Borodin's fame outside the Russian Empire was made possible during his lifetime by Franz Liszt, who arranged a performance of the Symphony No. 1 in Germany during 1880, and by the Comtesse de Mercy-Argenteau in Belgium and France. His music is noted for its strong lyricism and rich harmonies. Along with some influences from Western composers, as a member of The Five, his music is also characteristic of the Russian style. His passionate music and unusual harmonies proved to have a lasting influence on the younger French composers Debussy and Ravel (in homage, the latter composed during 1913 a piano piece entitled "À la manière de Borodine").

The evocative characteristics of Borodin's music—specifically In the Steppes of Central Asia, his Symphony No. 2, Prince Igor – made possible the adaptation of his compositions in the 1953 musical Kismet, by Robert Wright and George Forrest, notably in the songs "Stranger in Paradise", "And This Is My Beloved" and "Baubles, Bangles, & Beads". In 1954, Borodin was posthumously awarded a Tony Award for this show.

==Legacy==
- The Borodin Quartet was named in his honour.

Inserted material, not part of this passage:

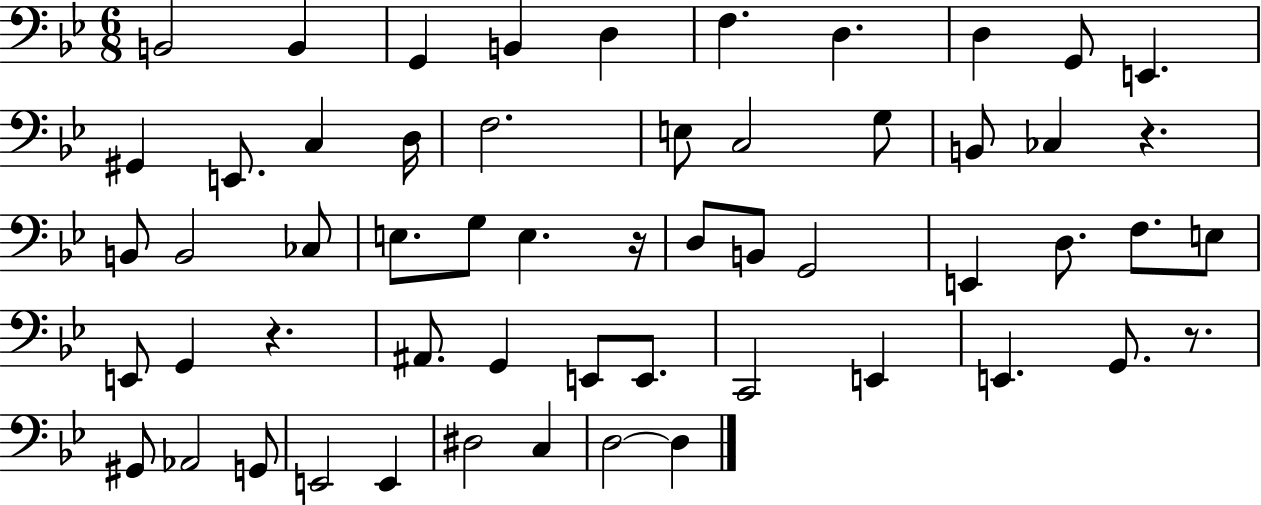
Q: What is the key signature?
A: BES major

- The chemist Alexander Shulgin uses the name "Alexander Borodin" as a fictional persona in the books PiHKAL and TiHKAL.
- In his book Burning in Water, Drowning in Flame (1974) Charles Bukowski wrote a poem about the composer entitled "The Life of Borodin".
- The asteroid previously known by its provisional designation 1990 ES3 was assigned the permanent name (6780) Borodin, in honor of Alexander Borodin. (6780) Borodin is a main-belt asteroid with an estimated diameter of 4 km and an orbital period of 3.37 years.
- The score of the 1953 musical Kismet and the subsequent film version was based extensively on compositions by Borodin, such as the second string quartet, second symphony and piano works.
- On 12 November 2018, Google recognized him with a doodle.